Insights | CFP Energy

CFP Responds to Netflix-Meta Backlash: Voluntary Carbon Needs a New Model

Written by CFP Energy | 28 January 2026

The recent dispute involving Netflix, Meta, and the Maasai herders in Kenya highlights some deep-rooted issues in the voluntary carbon market (VCM). When major carbon projects unravel due to overlooked community rights and poor stakeholder engagement, it becomes clear that the problem isn’t just with emissions; it’s with how we approach offsetting in the first place.  

What many corporations fail to grasp is that carbon projects aren’t just about trees, soil, or carbon sequestration — they’re about people, ecosystems, and deep-rooted cultural ties to land. Forests and grasslands are not static carbon sinks to be fenced off and commodified; they’re living environments shaped by generations of human stewardship and biodiversity. When communities like the Maasai are displaced or sidelined in favour of external conservation models, the result is not just a legal blowback but a loss of legitimacy for the entire market.

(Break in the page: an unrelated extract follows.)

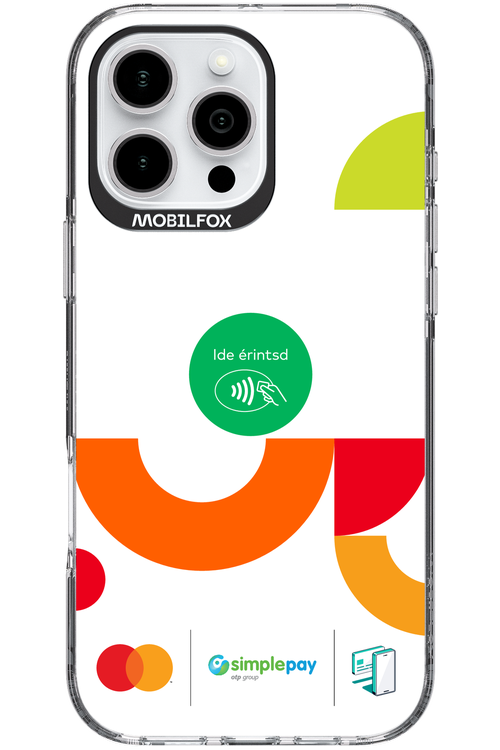 SimplePay Color 2.0 - Apple iPhone 16 Pro Max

That’s why education and transparency around carbon projects are critical. At CFP, we’ve made this our mission from day one. In Argentina, over 50 local people, many of whom never had access to long-term employment, are now full-time employees on a restoration project that has been over two years in the making. Before issuing a single credit, we invested in extensive due diligence with local governments, landowners, forestry experts, and community leaders to ensure the project delivers not only carbon impact but genuine social and ecological value.

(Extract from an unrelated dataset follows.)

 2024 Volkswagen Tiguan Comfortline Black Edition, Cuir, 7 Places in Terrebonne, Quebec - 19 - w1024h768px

The problem lies upstream. The responsibility for flawed credits doesn’t sit solely with companies like Meta or Netflix — it begins with the traders who sold them the credits. In today’s market, 99% of trading companies have no real involvement in the projects they promote. They source credits from databases or brokers, apply a markup, and pass them along to unsuspecting buyers. There's no due diligence, no site visits, and no real accountability.  

This transactional model is undermining trust in the VCM at a critical moment. Major corporations are questioning the credibility of the system, not because carbon projects are inherently flawed, but because the gatekeepers are unqualified to vouch for their integrity.  

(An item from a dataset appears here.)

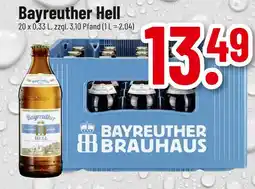 trinkgut Bayreuther brauhaus bayreuther hell Angebot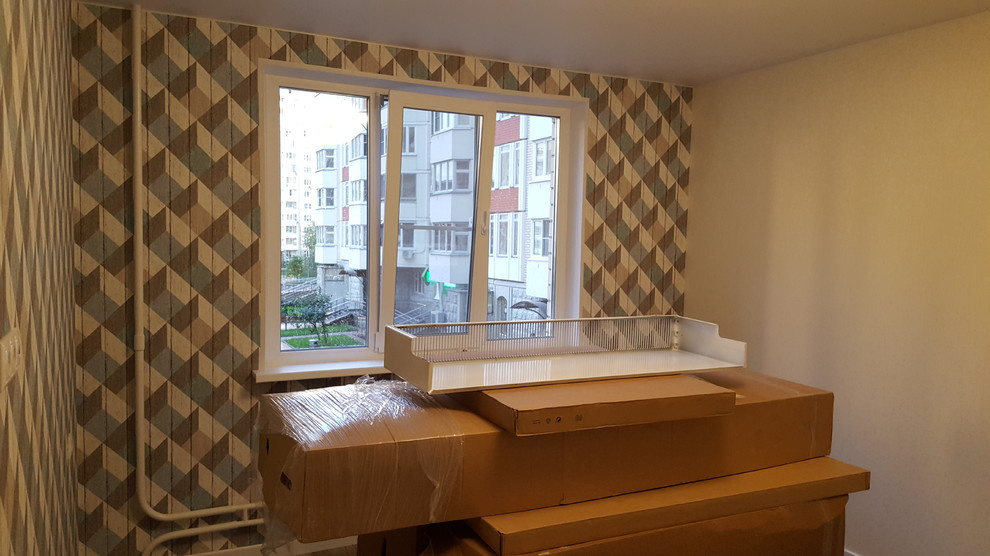 Косметический ремонт в 3ке П-44Т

This is where CFP stands apart. We are not just a trading company; we are collaborators and long-term stakeholders in the nature-based projects we support. We take on 100% of the risk because we believe it’s the only sustainable way to build a credible carbon market. We work face-to-face with communities, governments, and experts.

But the VCM won’t stabilise until international policy catches up. Governments must regulate the market and weed out rogue traders. Until then, it’s on companies like CFP to set a higher standard — and to show that a responsible, community-first model is not only possible but necessary.